В нашей культуре имеются особые юридические процедуры, используемые при попытках провести различие между событиями, которые, так сказать, физически похожи, но химически различны, и для которых в этой культуре предусмотрены очень разные наказания. Имел ли преступник при себе огнестрельное оружие, когда грабил дом? Проехал ли водитель на красный свет, когда сбил человека? Были ли насильственные действия умышленными, обдуманными заранее или стали результатом внезапного приступа гнева? Был ли их исполнитель психически больным или просто хладнокровно жестоким? В самом ли деле заключенный пытался бежать или он невзначай вызвал ложное впечатление у охранника, сам симулировал побег или инсценировал его по чьему-то приказу? Деятельность неправовая, житейская тоже требует критериев для обоснованного решения подобных вопросов: является ли данное кем-то объяснение подлинной причиной действия или бездействия или оно всего лишь служит для оправдания лености, безответственности или порочности? В самом ли деле яблоко с червоточинкой?[604]

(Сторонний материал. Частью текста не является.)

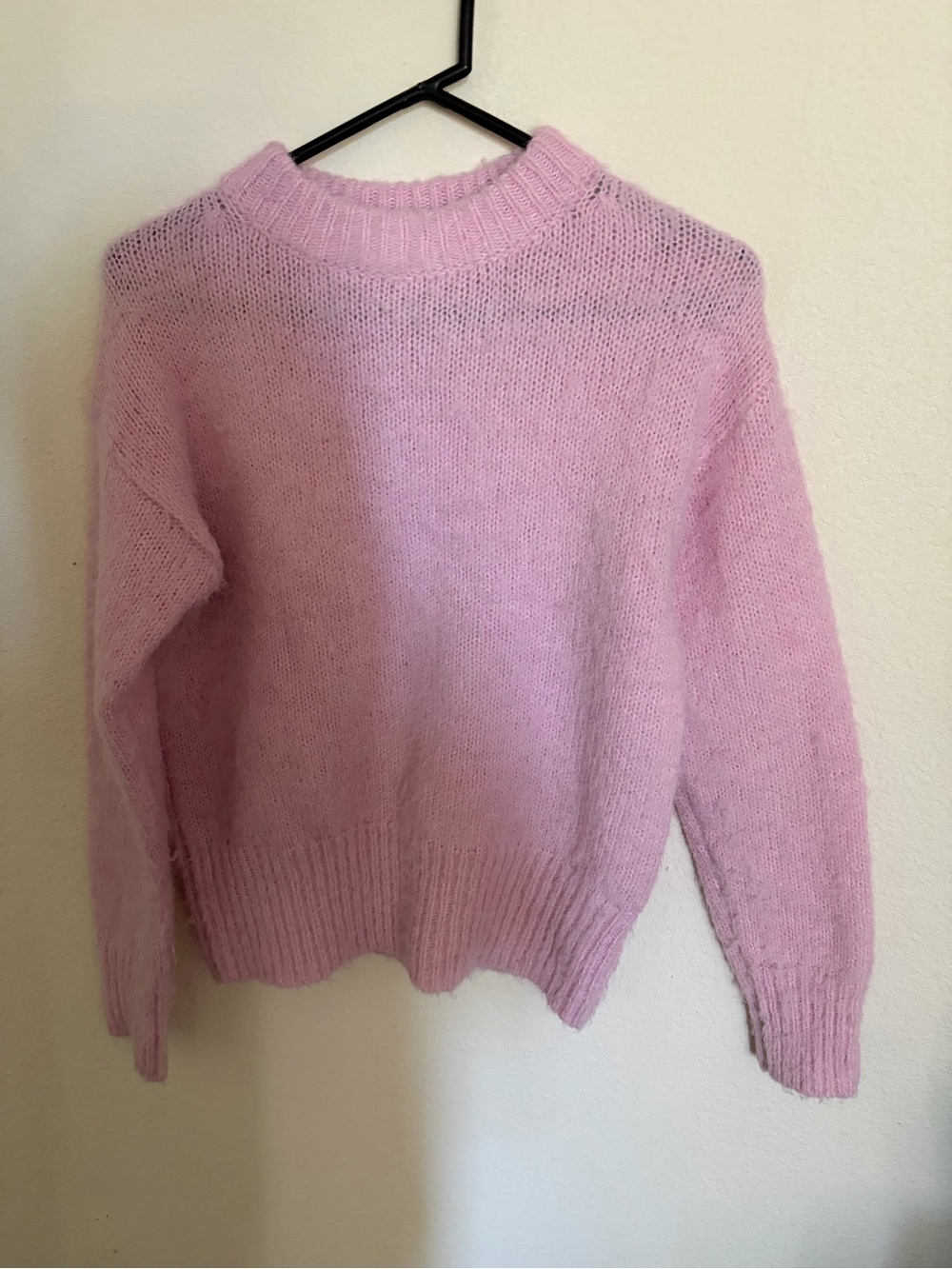 A New Day Pink Fluffy Crewneck Knit Sweater Size Small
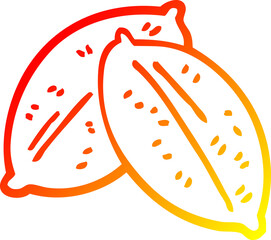 warm gradient line drawing of a cartoon leaf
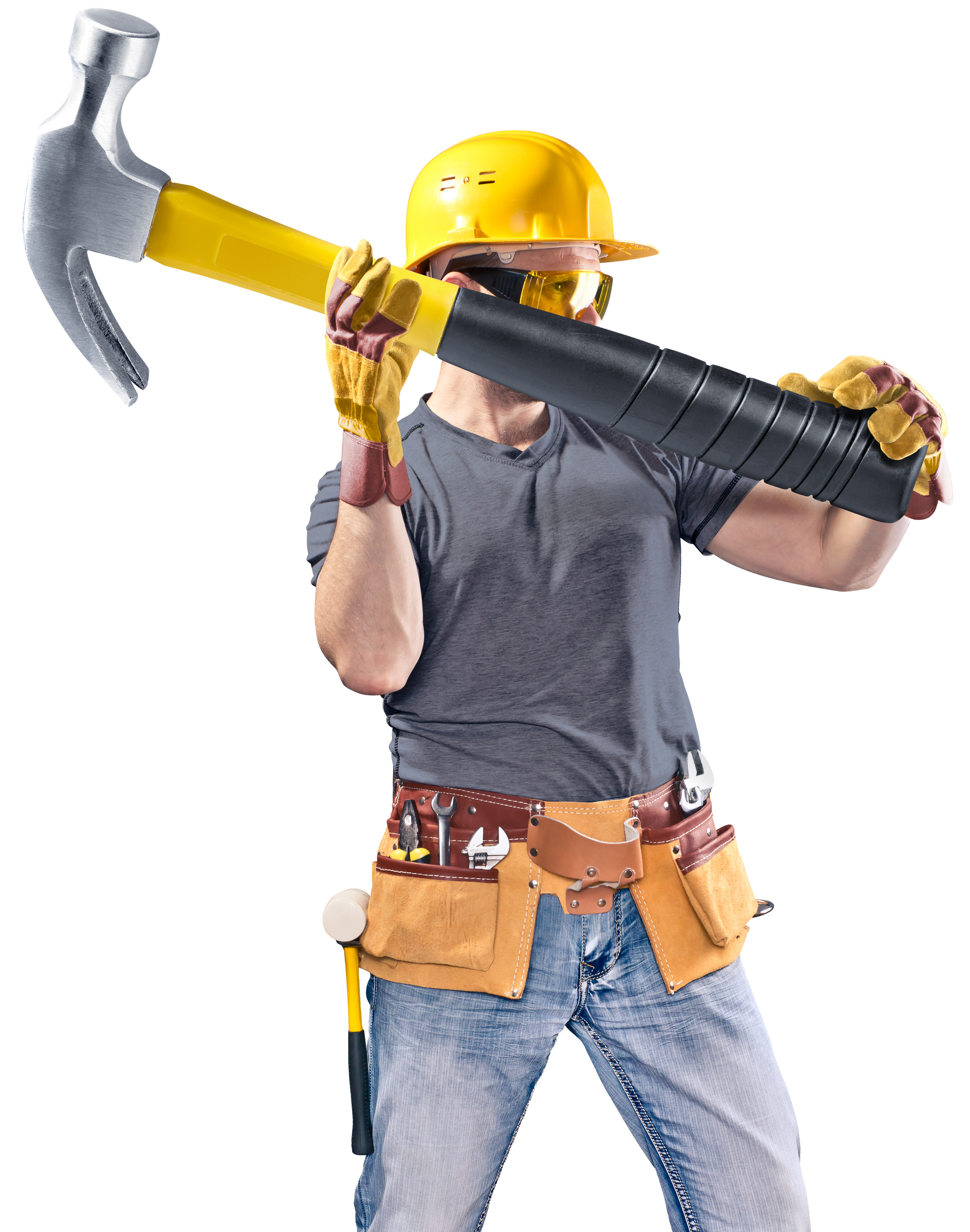 Construction worker carrying large adjustable wrench on shoulder.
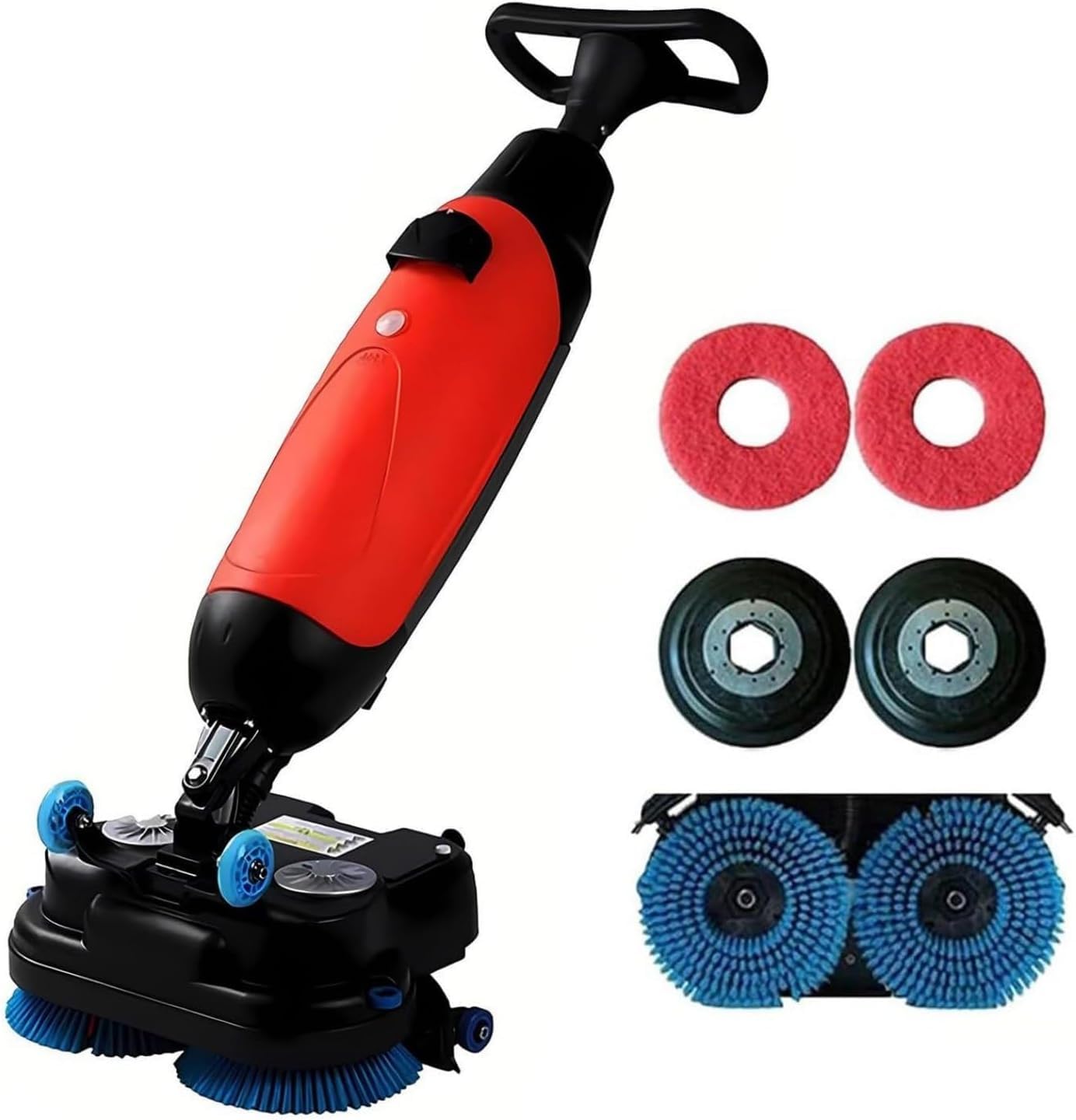 Macchina lavapavimenti elettrica commerciale, lucidatrice e lucidatrice per pavimenti multifunzionale, larghezza di pulizia di 43,2 cm, con disco a doppia spazzola, a batteria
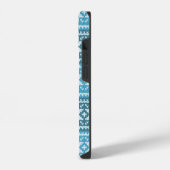 Blue Snowflake Faux Knit Sweater Pattern Monogram iPhone Hoesje (Linkerkant)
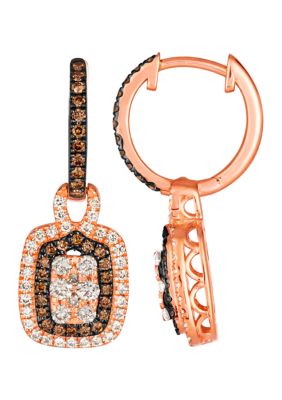 5/8 ct. t.w. Nude Diamonds™, 3/8 ct. t.w. Chocolate Diamonds® Drop Earrings in 14K Strawberry Gold®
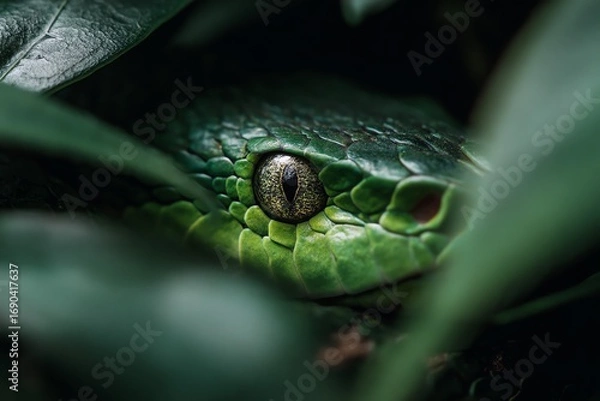 Obraz A striking close-up captures the intense gaze of a green snake, partially concealed amongst lush foliage, evoking a sense of hidden power and natural beauty. The image emphasizes texture and detail.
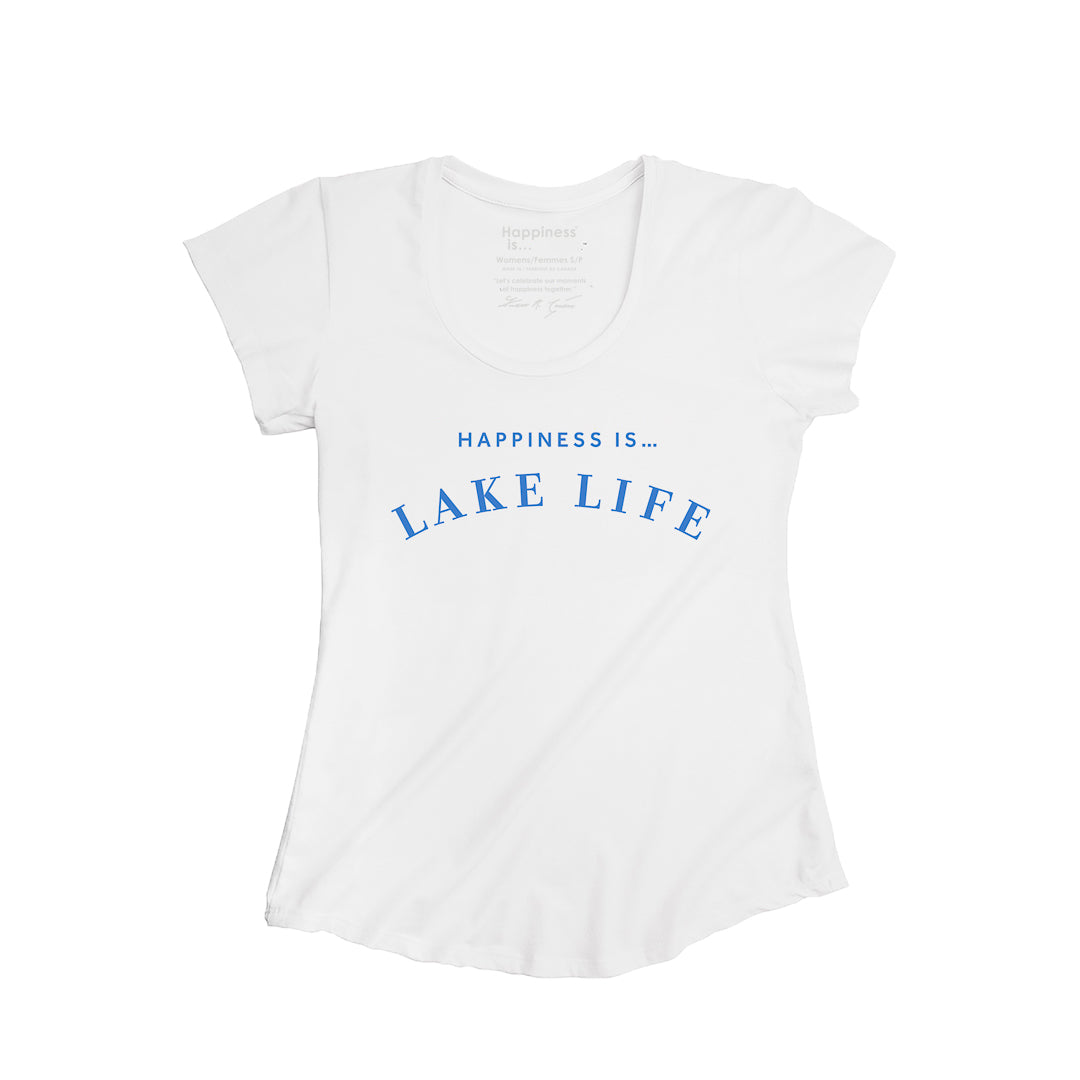 Women's Lake Life Scoop T, White with Blue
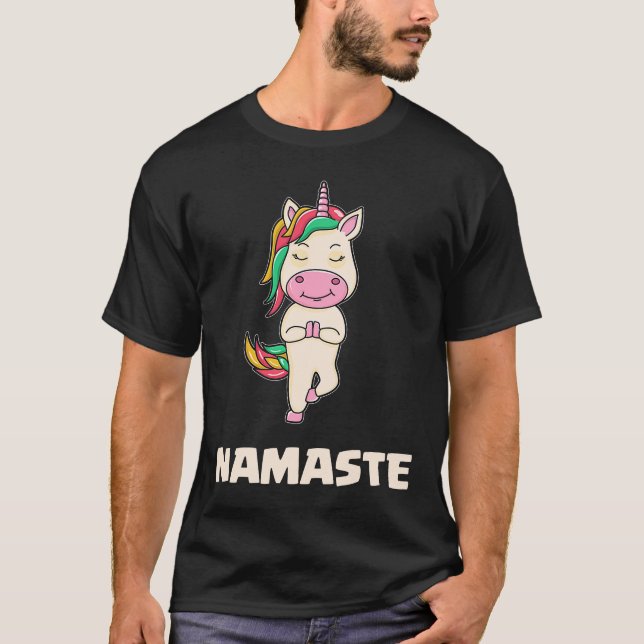 T-shirt Yoga Unicorn Gymnasitique Namaste Méditation (Devant)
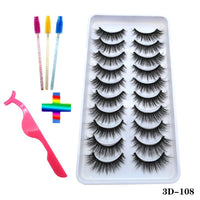 10pairs of false eyelashes natural mink false eyelashes make up  thick and soft eyelashes female makeup eyelashes free shipping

2. Споры о фрейме действий или событий, особенно более высокого порядка, ставят перед нами некоторые фундаментальные вопросы. Если для доказательства фактической невиновности можно приводить оправдания, ссылаясь на ошибку в определении фрейма, то такие оправдания пригодны и как средство уйти от реальной ответственности за поступок, избежать наказания. И наверняка того, кто выдвигает такие оправдания, будут подозревать в плутовстве, обоснованно или необоснованно — вопрос второй. (В конце концов, именно эти подозрения и делают возможными обсуждаемые нами споры о фрейме.) И конечно, сам подозреваемый может правильно или ошибочно подозревать, что его объяснения будут приняты скептически независимо от того, насколько оправдан такой прием. Наконец, даже верящие в его версию «другие», тем не менее могут поступать так, словно они не верят (как могут поступать и так, будто они верят, когда наделе этой веры нет), и об этом он тоже может догадаться. Все эти возможности внутренне присущи процессу определения фрейма как фундаментальная особенность, как основное место пробуксовки в организации опыта. (Если подозревают, что одно из оправданий индивида ложно, то под сомнением могут оказаться две явно различные вещи: факты, как он их представляет другим людям; и верит ли он сам в то, что представляет другим. Ибо мы признаем возможность существования в этом мире чистосердечного введения людей в заблуждение.) Отсюда следует, что споры высшего порядка об искомом фрейме едва ли можно рассматривать без одновременного внимания к драме сомнений, из которых рождаются такие споры.
Очевидна тенденция к «размножению» ошибок отдельного человека при определении фрейма событий. Похоже, он не только продолжает целую серию ошибочных актов, но и когда начинает оправдываться за свои действия, сами объяснения порождают сомнения у других, а также сомнения насчет принципиальной возможности быть избавленным от сомнений со стороны этих других. И не стоит удивляться, что, когда другим ошибочно кажется, будто данный индивид неверно «фреймировал» некие события, он может отчаяться в том, что ему поверят, и даже воздержаться от всяких попыток поправить дело. К примеру, если бы кто-то был твердо уверен, что действительно произошло какое-то сверхъестественное событие, то этот наблюдатель, вполне возможно, предпочел бы все забыть. Отсюда следует, что по самой природе операции определения фрейма форматируемые события имеют, в сущности, неопределенно-свободный характер, открытый разнообразным сомнениям, и такая неопределенная степень свободы влияет как на действующего индивида и его притязания, так и на свидетеля чужих действий и его притязания. По всей вероятности, драма сомнений в той или иной степени развертывается в каждом обществе.